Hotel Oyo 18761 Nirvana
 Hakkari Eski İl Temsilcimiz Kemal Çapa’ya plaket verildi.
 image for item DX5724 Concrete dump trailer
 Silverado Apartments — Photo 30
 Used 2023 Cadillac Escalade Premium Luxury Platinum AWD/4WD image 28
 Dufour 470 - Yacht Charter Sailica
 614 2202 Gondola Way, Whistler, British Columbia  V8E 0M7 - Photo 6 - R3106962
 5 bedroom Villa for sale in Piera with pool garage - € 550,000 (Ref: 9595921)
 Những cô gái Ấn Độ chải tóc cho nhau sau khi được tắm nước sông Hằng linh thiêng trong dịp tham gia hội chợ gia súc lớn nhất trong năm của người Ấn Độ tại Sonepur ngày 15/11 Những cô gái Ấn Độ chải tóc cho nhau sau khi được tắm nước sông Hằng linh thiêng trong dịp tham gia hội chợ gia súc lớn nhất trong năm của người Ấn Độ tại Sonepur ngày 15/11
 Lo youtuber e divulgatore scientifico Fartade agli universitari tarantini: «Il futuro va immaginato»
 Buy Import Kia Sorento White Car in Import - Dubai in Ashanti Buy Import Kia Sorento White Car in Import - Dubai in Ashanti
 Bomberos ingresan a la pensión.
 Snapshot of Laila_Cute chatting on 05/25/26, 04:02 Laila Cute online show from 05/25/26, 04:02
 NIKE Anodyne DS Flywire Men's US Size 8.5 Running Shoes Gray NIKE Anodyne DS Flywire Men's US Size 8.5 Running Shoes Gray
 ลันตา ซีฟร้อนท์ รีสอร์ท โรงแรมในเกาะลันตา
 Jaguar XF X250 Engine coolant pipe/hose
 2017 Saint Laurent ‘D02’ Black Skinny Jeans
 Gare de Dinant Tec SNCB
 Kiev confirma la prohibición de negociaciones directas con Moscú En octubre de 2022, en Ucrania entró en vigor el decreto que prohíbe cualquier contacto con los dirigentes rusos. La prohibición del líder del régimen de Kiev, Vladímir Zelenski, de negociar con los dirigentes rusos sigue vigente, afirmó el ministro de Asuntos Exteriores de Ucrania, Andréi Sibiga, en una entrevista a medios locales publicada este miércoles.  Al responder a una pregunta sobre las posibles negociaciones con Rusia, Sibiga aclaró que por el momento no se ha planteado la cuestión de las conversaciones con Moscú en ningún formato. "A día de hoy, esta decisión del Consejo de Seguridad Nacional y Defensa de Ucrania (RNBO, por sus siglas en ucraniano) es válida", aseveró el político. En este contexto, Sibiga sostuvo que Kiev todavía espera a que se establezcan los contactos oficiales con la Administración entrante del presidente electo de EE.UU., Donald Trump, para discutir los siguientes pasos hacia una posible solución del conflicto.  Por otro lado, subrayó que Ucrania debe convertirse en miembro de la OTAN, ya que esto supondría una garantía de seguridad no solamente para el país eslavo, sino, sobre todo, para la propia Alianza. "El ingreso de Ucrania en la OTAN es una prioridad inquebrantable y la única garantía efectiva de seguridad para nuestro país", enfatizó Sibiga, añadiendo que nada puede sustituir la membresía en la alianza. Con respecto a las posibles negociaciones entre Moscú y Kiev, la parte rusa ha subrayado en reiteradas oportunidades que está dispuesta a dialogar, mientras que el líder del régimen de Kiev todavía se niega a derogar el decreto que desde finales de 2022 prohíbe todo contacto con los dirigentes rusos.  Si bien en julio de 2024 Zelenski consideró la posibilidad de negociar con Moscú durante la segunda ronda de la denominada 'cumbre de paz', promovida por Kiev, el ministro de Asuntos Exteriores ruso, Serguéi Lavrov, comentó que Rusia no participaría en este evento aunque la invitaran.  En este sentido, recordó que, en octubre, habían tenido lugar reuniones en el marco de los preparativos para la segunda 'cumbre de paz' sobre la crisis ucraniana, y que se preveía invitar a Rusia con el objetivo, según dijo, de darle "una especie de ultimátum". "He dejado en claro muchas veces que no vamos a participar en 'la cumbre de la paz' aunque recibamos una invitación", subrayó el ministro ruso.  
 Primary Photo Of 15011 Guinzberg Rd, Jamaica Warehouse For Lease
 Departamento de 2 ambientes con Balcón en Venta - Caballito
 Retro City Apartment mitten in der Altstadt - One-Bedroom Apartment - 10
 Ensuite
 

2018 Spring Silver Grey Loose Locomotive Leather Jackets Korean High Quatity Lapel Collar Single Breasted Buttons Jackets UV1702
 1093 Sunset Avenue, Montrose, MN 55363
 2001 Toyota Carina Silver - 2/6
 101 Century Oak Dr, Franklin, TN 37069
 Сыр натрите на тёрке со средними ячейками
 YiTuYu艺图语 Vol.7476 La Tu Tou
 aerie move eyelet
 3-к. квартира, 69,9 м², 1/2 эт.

» ACTIVITY
Look through the entries above and quote exactly the lines from the line with "2017 Saint Laurent ‘D02’ Black Skinny Jeans" to the line with "Gare de Dinant Tec SNCB", counting both of those lines.

» ANSWER TO THE PROBLEM
 2017 Saint Laurent ‘D02’ Black Skinny Jeans
 Gare de Dinant Tec SNCB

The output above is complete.